▸ Problem to work on: An exact transcript is required of the lines below, from the one containing "빨간색 3d 렌더링의 60% 제안" through the very last; leave every picture out of it.

▸ Data segment:

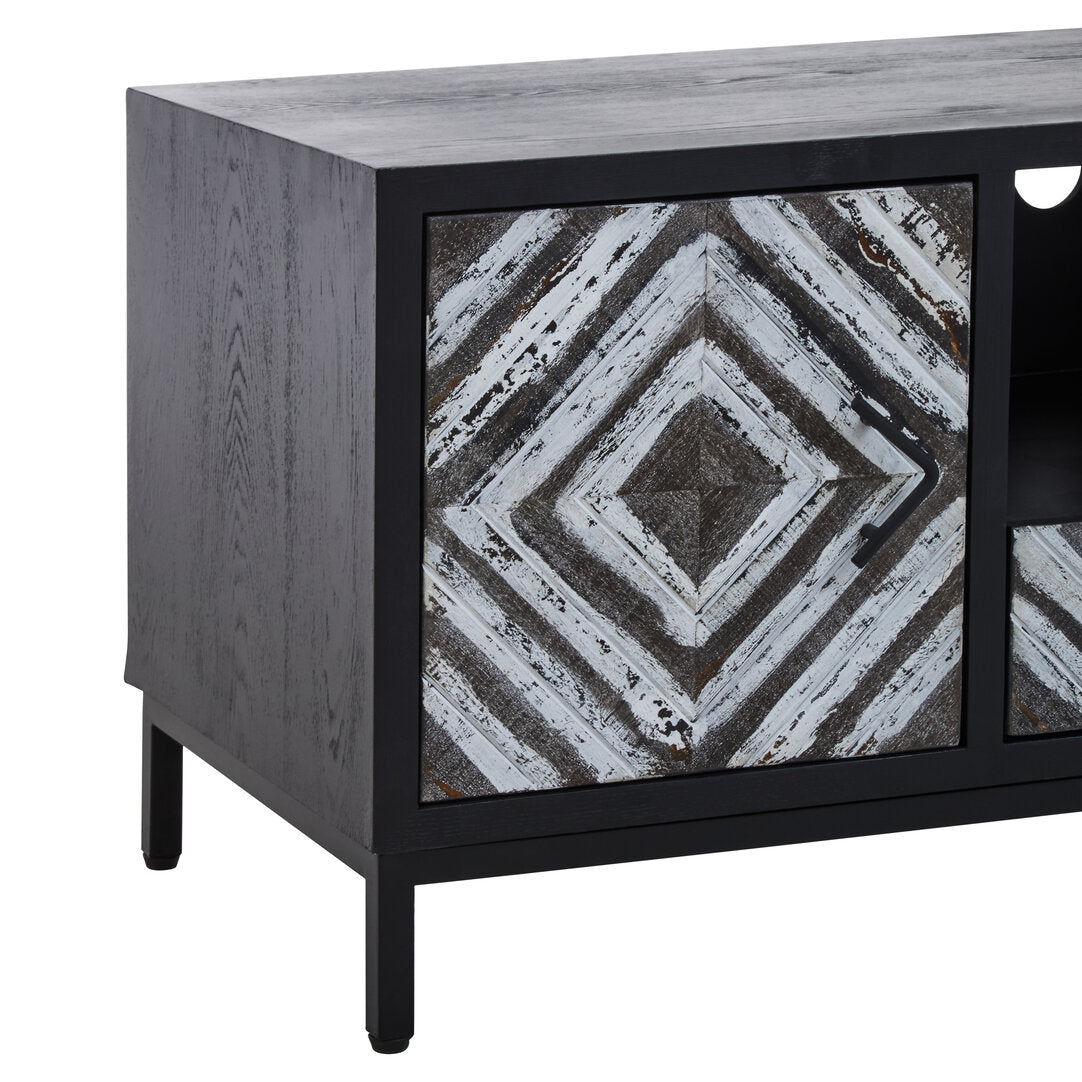 Nusa Rustic Chevron and Black Frame Media Unit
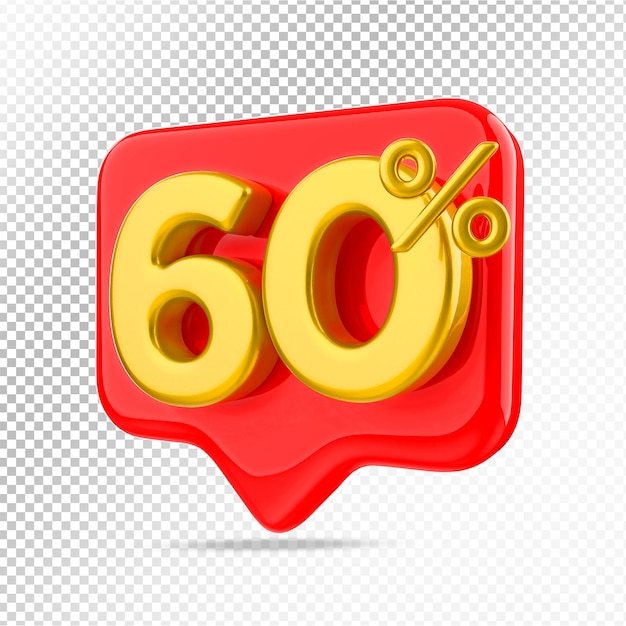 빨간색 3d 렌더링의 60% 제안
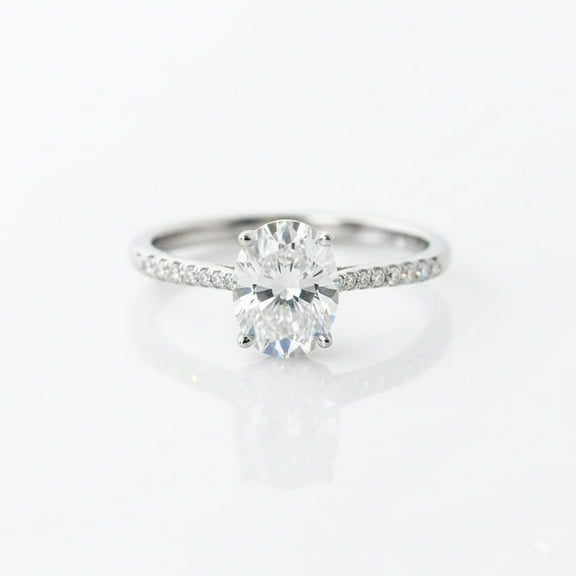 Jewelerix Classic Moissanite Anniversary Ring Oval Cut Handmade Engagement Ring White Gold Vermeil Pave Solitaire Wedding Ring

▸ Written response:
 빨간색 3d 렌더링의 60% 제안
 Jewelerix Classic Moissanite Anniversary Ring Oval Cut Handmade Engagement Ring White Gold Vermeil Pave Solitaire Wedding Ring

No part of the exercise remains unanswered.